Argued January 9, 1923. Decided February 19, 1923.
1. Under §§ 9 and 16 of the Interstate Commerce Act, 24 Stat. 382; 34 Stat. 590, an action by a shipper to recover charges collected by a carrier in excess of tariff rates must be brought within two years from the time when the cause of action accrued. P. 138. 2. The lapse of a longer time not only bars the remedy but destroys the liability. P. 140. 272 F. 681, reversed.
Mr. Frank H. Moore, with whom Mr. Cyrus Crane, Mr. Samuel W. Moore and Mr. George H. Muckley were on the brief, for plaintiff in error.
Mr. Charles M. Blackmar, with whom Mr. Henry A. Bundschu and Mr. Joseph P. Duffy were on the brief, for defendants in error.
Section 9 of the Commerce Act plainly shows the two remedies which are open to any person who has suffered damages by reason of the violation of any of the provisions of the act, and the charging of rates in excess of the lawful published tariff rates is a violation of the act. It also specifically states that such party shall be entitled to use either of said remedies but not both. There is nothing in this section which places any limitation upon the time in which such a suit should be instituted in court. This leaves the matter of time entirely open. Unless a limitation appears elsewhere in the act, the state statute of limitation applies.
Section 16 of the Commerce Act deals exclusively with procedure before the Commission, except that in subdivision (b) it provides for the enforcement in the courts of the United States of orders for the payment of money made by the Commission. There is nothing in this section which in any way relates to § 9, nor is there anything said with reference to the limitation of the time in which a suit shall be instituted originally in the District Court; but the statute does specifically say that such claims shall be filed with the Commission within two years from the time the cause of action accrues. If the construction which the defendant places on the statute is to prevail, the Court must either read out of § 16 the words "with the Commission," or must read into it words which extend its meaning to suits instituted originally in the District Court.
The defendant has pointed out in its brief that this section is no ordinary statute of limitations, that it goes further than merely barring the remedy, and destroys the liability. But the section is not ambiguous and, consequently, there is no room for construction, United States v. Wiltberger, 5 Wheat. 77, 95, 96; nor can its plain words be supplanted by speculation concerning the policy of Congress. Bate Refrigerating Co. v. Sulzberger, 157 U.S. 1, 36, 37. Phillips Co. v. Grand Trunk Western Ry. Co., 236 U.S. 662, has no application. It was a suit to recover unreasonable charges but nevertheless charges assessed according to a published tariff.
The question involved was decided in Lyne v. Delaware, Lackawanna Western R.R. Co., 170 F. 847, 849. See also Copp v. Louisville Nashville R.R. Co., 50 F. 164; Chicago, R.I. P. Ry. Co. v. Lena Lumber Co., 99 Ark. 105.

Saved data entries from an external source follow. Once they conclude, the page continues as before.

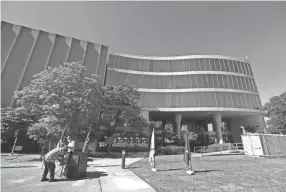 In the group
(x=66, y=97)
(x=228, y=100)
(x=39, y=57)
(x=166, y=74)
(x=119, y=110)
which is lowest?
(x=66, y=97)

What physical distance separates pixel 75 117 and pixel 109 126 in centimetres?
631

Section 8 of the Commerce Act provides in substance that a carrier which shall omit any act, matter or thing in the act required to be done shall be liable to the person or persons injured thereby for the full amount of the damages. This section provides no limitation of time within which the suit shall be brought. Paragraph (g) of § 6 prohibits a carrier from collecting a greater amount than that provided in the published tariffs. Section 22 provides that nothing in the act shall in any way abridge or alter the remedies existing at common law or by statute, but the provisions of the act are in addition to such remedies. There is no limitation placed in this section.

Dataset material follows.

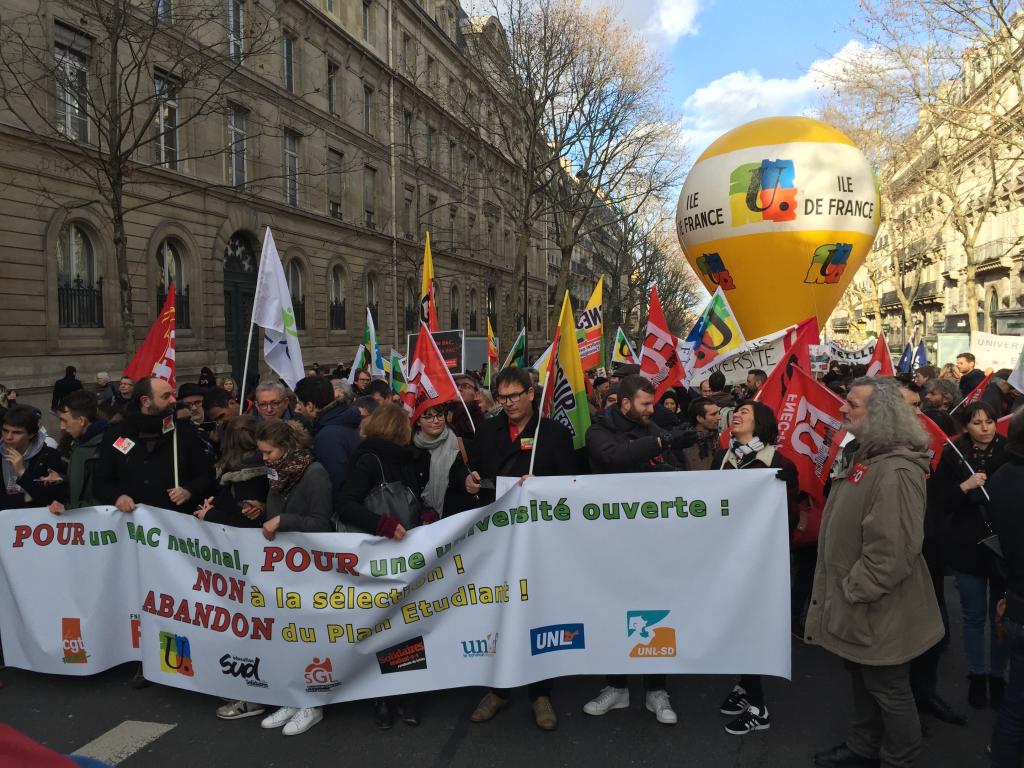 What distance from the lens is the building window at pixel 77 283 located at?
1716cm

Independently of the act, a carrier is liable for any excess collected over its published tariff rates. In the case before the Court the plaintiff asserts a right cognizable either before a state court of competent jurisdiction or before a United States District Court. Pennsylvania R.R. Co. v. Puritan Coal Co., 237 U.S. 121, 129; Pennsylvania R.R. Co. v. Sonman Coal Co., 242 U.S. 120, 123.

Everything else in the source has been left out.